Древняя Москва только скользнула по мне. Кремль, соборы, Чудов монастырь, Грановитая палата -- все это быстро промелькнуло предо мною, но без старины Москва показалась бы только огромным губернским городом, не больше. Что-то таинственное и величавое осталось в памяти, и в этой рамке поездка в Москву получила еще большее значение в моей только что открывающейся юношеской жизни.
С этим совпало и мое свидание с сестрой после такой разлуки. Моему долгому одиночеству настал конец. Молодое существо стало рядом со мною, и я, хоть моложе ее, очутился как бы в ее руководителях.
И весь конец моего ученья, вплоть до студенчества, получил более светлый налет. Даже стало житься по-другому. В наш большой, строгий и почти безмолвный дом вошло молодое веселье. И постом мы танцевали.
С сестрой у меня сразу завязалась нежная дружба. Все мне было ново и близко в ее институтском прошлом. Шли бесконечные разговоры и рассказы. В ней я не нашел того, что тогда соединяли с понятием "институтка", -- той смешной наивности и еще менее наивничанья. Она была первое время скорее застенчива в большом обществе, но без всяких странностей специфического "монастырского" оттенка. Я мог по ней изучать, какими выпускали из столичного института девушек средних талантов и среднего прилежания. Она просидела безвыездно около девяти лет в стенах здания на Фонтанке. Их учили не по-нынешнему, но довольно старательно. Кроме языков и так называемых "русских" предметов -- немного естественным наукам, довольно хорошо словесности, заставляли немало писать, развивали их музыкальные способности, приучали красиво танцевать. Читали французскую л немецкую литературу на этих языках и заставляли много учить классических отрывков.

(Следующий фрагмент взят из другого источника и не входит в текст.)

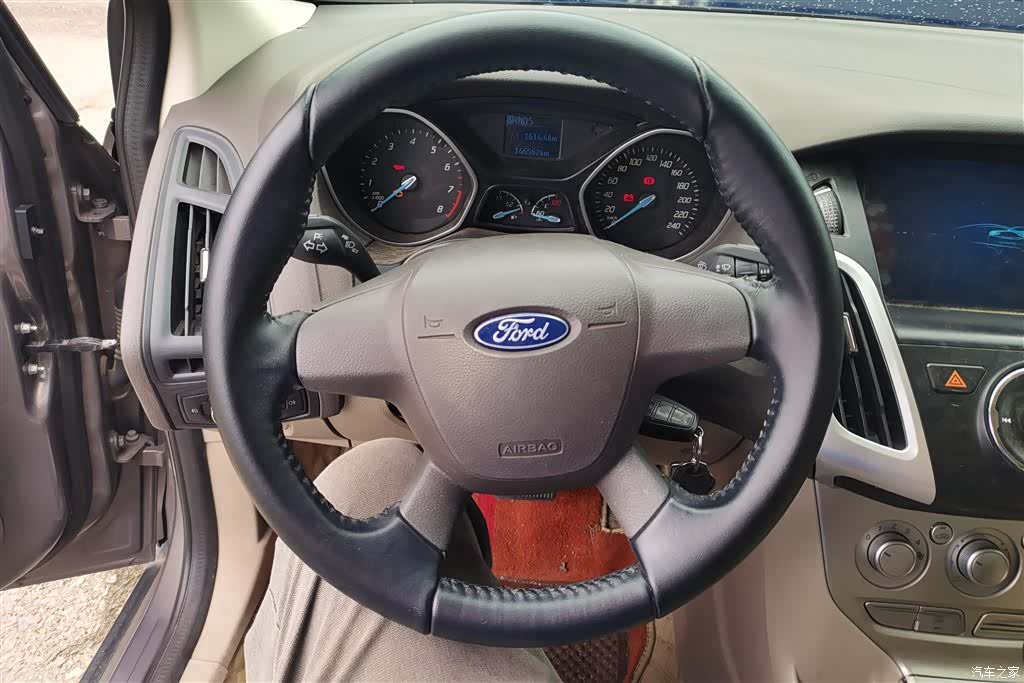Ford Focus, 2015 15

"Идей" в теперешнем смысле они не имели, книжка не владела ими, да тогда и не было никаких "направлений" даже и у нас, гимназистов. Но они все же любили читать и, оставаясь затворницами, многое узнавали из тогдашней жизни. Куклами их назвать никак нельзя было. Про общество, свет, двор, молодых людей, дам, театр они знали гораздо больше, чем любая барышня в провинции, домашнего воспитания. В них не было ничего изломанного, нервного или озлобленного своим долгим институтским сидением взаперти.

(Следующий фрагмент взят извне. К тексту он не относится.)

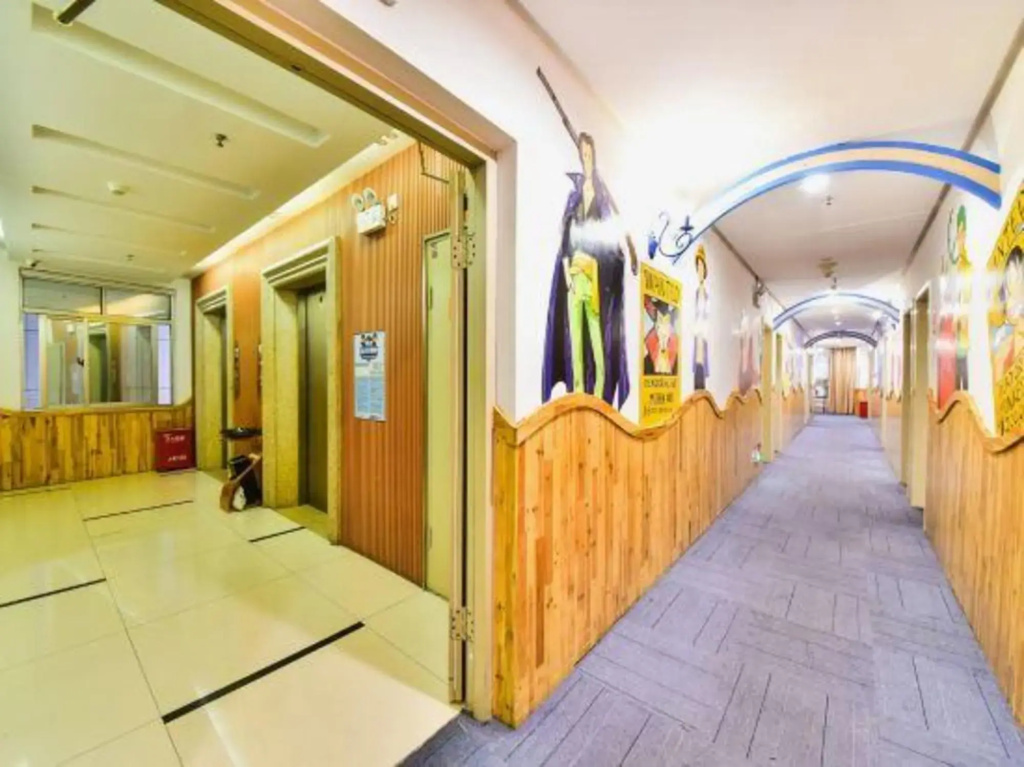 A Home Chain Hotel (Jinjiang Airport Huzhong)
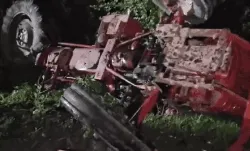 एक्सप्रेस हाईवे पर ट्रैक्टर से टकराई बस खाई में गिरी- 4 की मौत, कई.... एक्सप्रेस हाईवे पर ट्रैक्टर से टकराई बस खाई में गिरी- 4 की मौत, कई....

Напротив! Они не задавались "вопросами", но зато были восприимчивы ко всем веяниям жизни, с большим фондом того, что составляет душевную норму. Как девицы, выезжающие в свет, они охотно танцевали, любили дружиться без излишнего кокетства, долго оставались с чистым воображением, не проявляли никаких сознательно хищнических инстинктов.
Из них весьма многие стали хорошими женами и очень приятными собеседницами, умели вести дружбу и с подругами и с мужчинами, были гораздо проще в своих требованиях, без особой страсти к туалетам, без того культа "вещей", то есть комфорта и разного обстановочного вздора, который захватывает теперь молодых женщин. О том, о чем теперь каждая барышня средней руки говорит как о самой банальной вещи, например о заграничных поездках, об игре на скачках, о водах и морских купаньях, о рулетке, -- даже и не мечтали.
Не надо забывать, что тургеневские Лиза и Елена принадлежали как раз к этой генерации, то есть стали взрослыми девицами к половине 50-х годов.
Крепостным правом они особенно не возмущались, но и не выходили крепостницами и в обращении с прислугой привозили с собой очень гуманный и порядочный тон. Этого, конечно, не было бы, если б там, в стенах казенного заведения, поощрялись разные "вотчинные" замашки. Они не стремились к тому, что и тогда уже называлось "эмансипацией", и, читая романы Жорж Занд, не надевали на себя никаких заграничных личин во вкусе той или другой героини.